Riguardo il sigillo dell’Insegne dell’Università sappiamo che fu rifatto (per carlini 15) in Napoli nel 1626 dal Sindico Giovanni Donato Passari che si trovava in quella città per suoi affari, perchè quello in possesso dell’Università non imprimeva bene. L’esistenza ed utilizzazione “suggello” risulta in documenti dell’esercizio finanziario 1766-67. La delibera podestarile concludeva precisando che «Lo stemma di Molfetta, dunque, quale risulta dalla tradizione e dai documenti storici è formato da uno scudo romano con i bordi accartocciati con la fascia rossa trasversale in campo bianco e la leggenda S.P.Q.M. e la corona a cinque punte. Ritenuto che alla Consulta Araldica non figura tale stemma e che pertanto è necessario ed utile richiedere il riconoscimento».

La richiesta, in realtà, fu un atto dovuto per ottemperare al Regio decreto-legge 20 marzo 1924, n. 442, con il quale venne disciplinato l’uso di titoli ed attributi nobiliari. Avviata la richiesta d’iscrizione nei registri della Regia Consulta araldica, seppur la legge aveva stabilito che l’ufficio della Consulta doveva provvedere all’iscrizione entro sessanta giorni dalla presentazione dell’istanza, dovettero passare più di sei anni per raggiungere l’obiettivo.

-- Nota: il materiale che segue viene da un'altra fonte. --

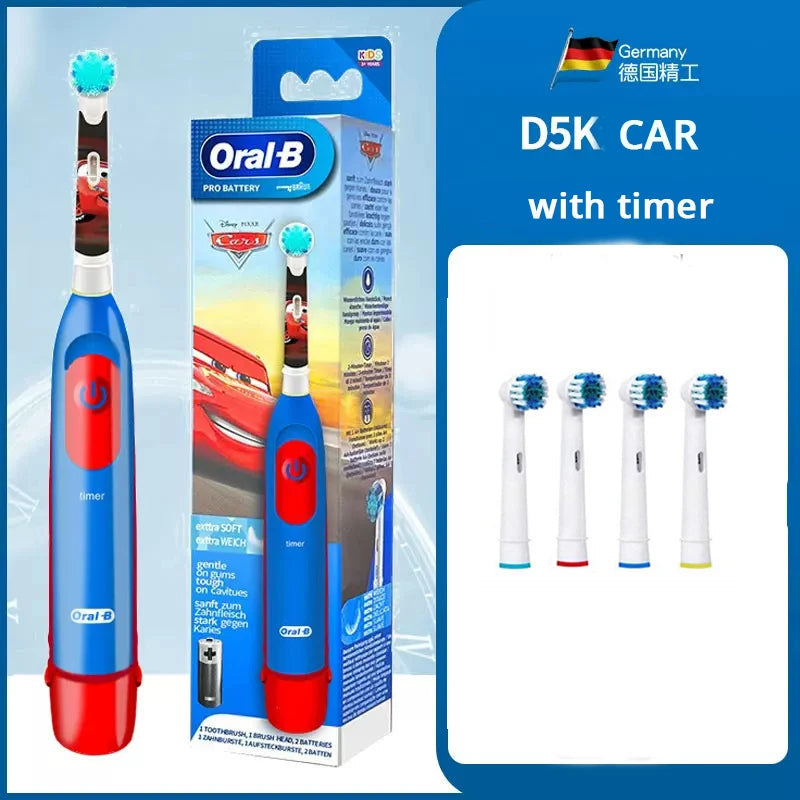 Oral B Electric Toothbrush for Kid Soft Brush Rotation Clean Teeth Brush For Kid Gentle Clean Teeth Waterproof Kid Tooth Brush
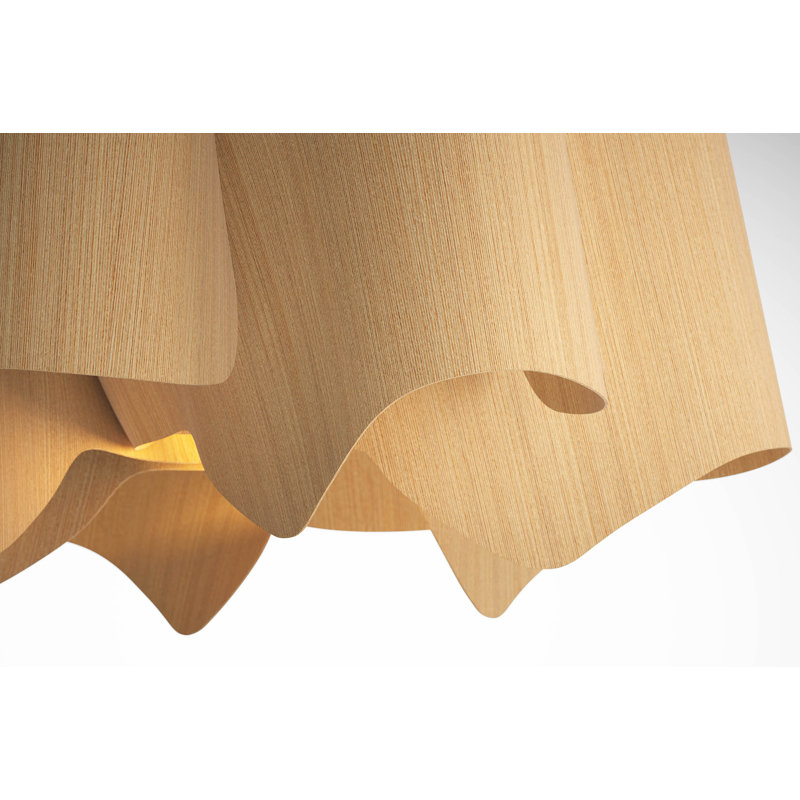 Luminaire suspendu unique à 1 lumière Camila, Cendré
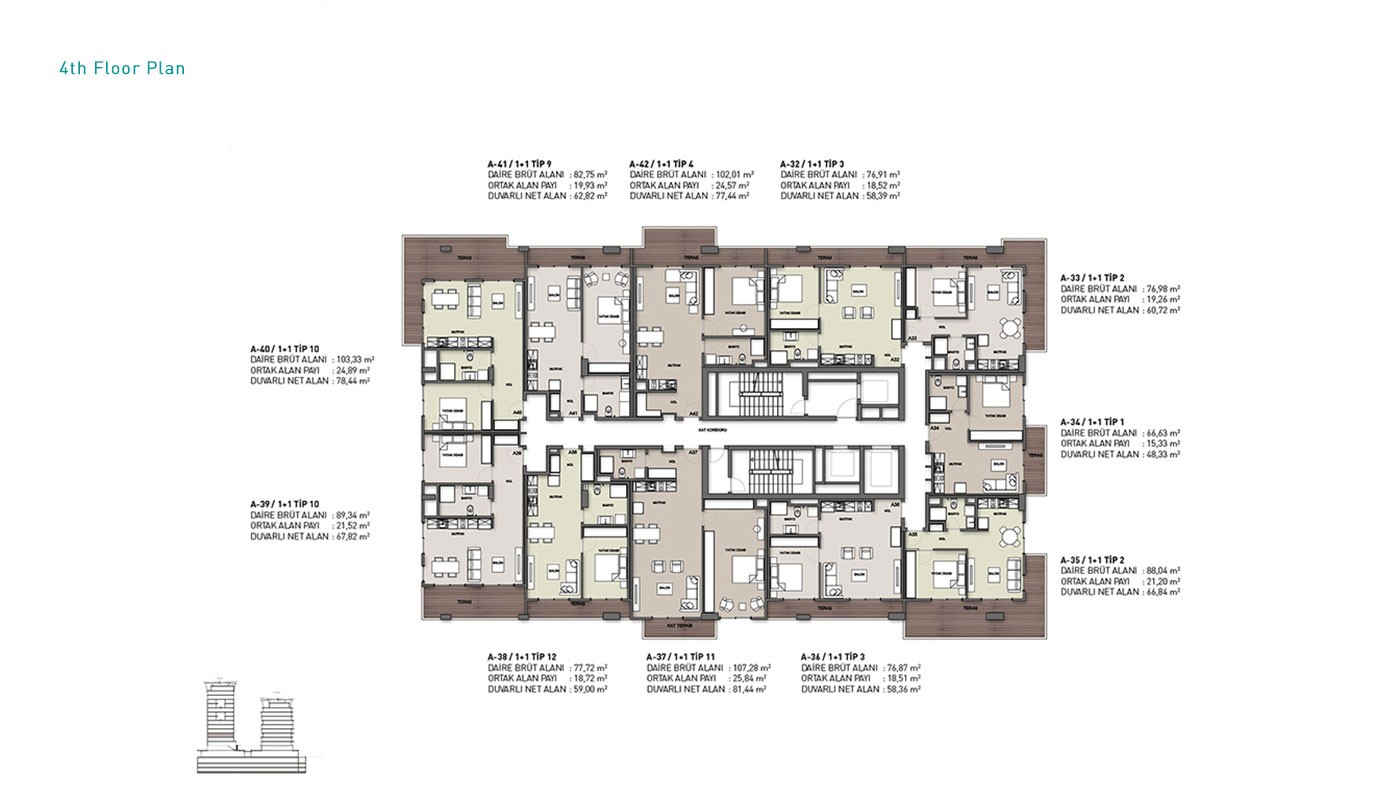 High-end Apartments in Istanbul Kağıthane with Rental Guarantee - 31343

Per Decreto del Capo del Governo in data 26 marzo 1935 la richiesta del Comune fu accolta. Fu stabilito che lo stemma doveva essere così descritto: «Stemma: Di Rosso, alla banda d’argento caricata delle sigle “S.P.Q.M.„ al Capo del Littorio che è: di rosso (porpora) al Fascio Littorio d’oro circondato da due rami, di quercia e dall’oro, annodati con un nastro dai colori nazionali. Ornamenti esteriori da Città».

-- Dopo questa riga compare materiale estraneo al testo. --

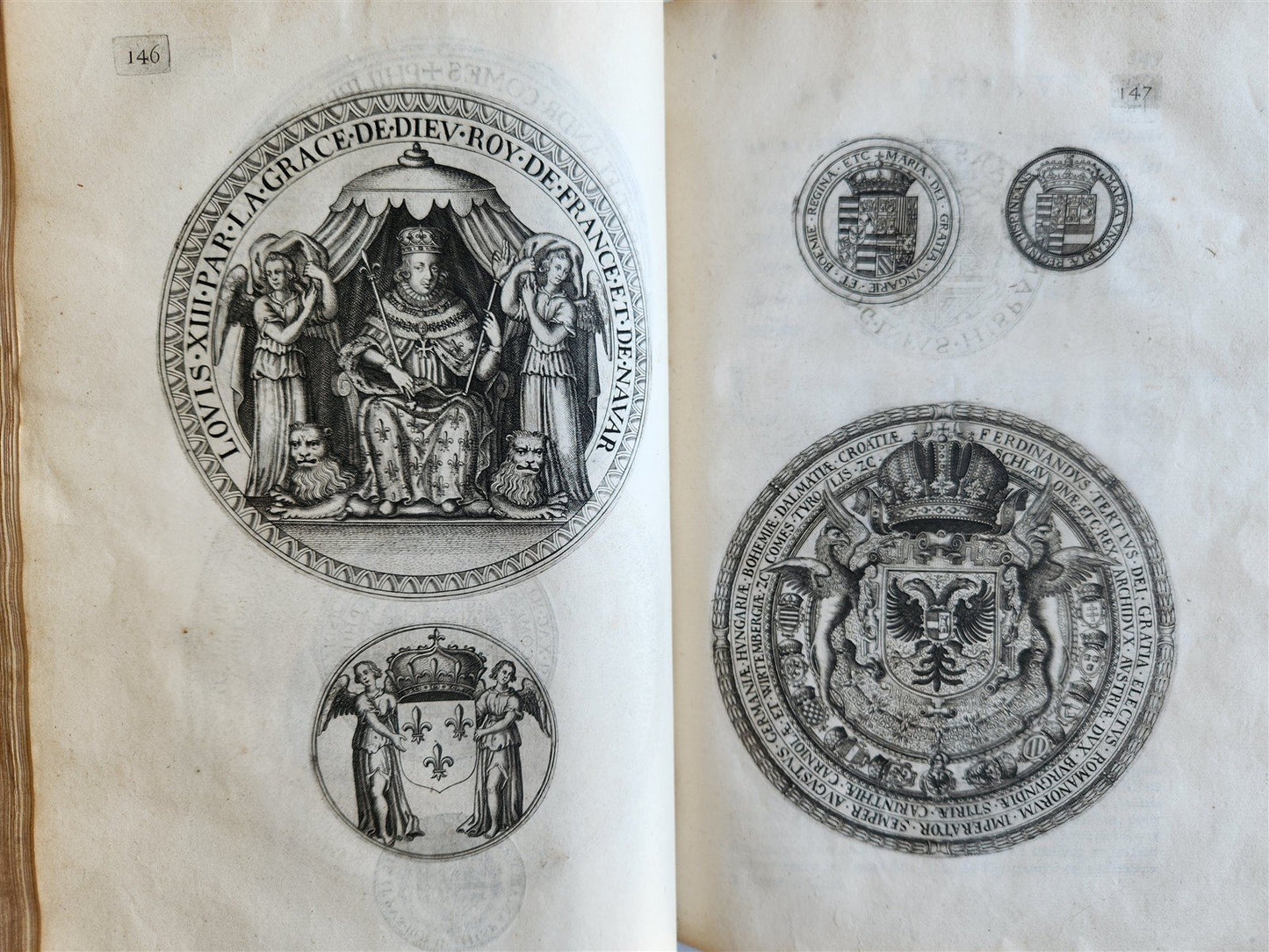 1641 COUNTS of FLANDERS ILLUSTRATED in French ANTIQUE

Dal 25 luglio 1943, giusta quanto stabilito dall’art. 96 del regolamento per la Consulta Araldica del Regno, il nostro Comune insignito del titolo di Città passò ad utilizzare la corona «turrita formata da un cerchio d’oro aperto da otto pusterle (cinque visibili) con due cordonate a muro sui margini, sostenente otto torri (cinque visibili), riunite da cortine di muro, il tutto d’oro e murato di nero». Il citato art. 96 è stato poi riportato integralmente al punto 2.b) dell’art. 5 del decreto del Presidente del Consiglio dei ministri (DPCM) 28 gennaio 2011.

Sperando di essere riuscito ad appagare la curiosità dei lettori, chiudo con il formulare gli auguri di un 2025 pieno di prosperità e della giusta energia per affrontare le eventuali sfide che si dovessero presentare sul cammino di ognuno.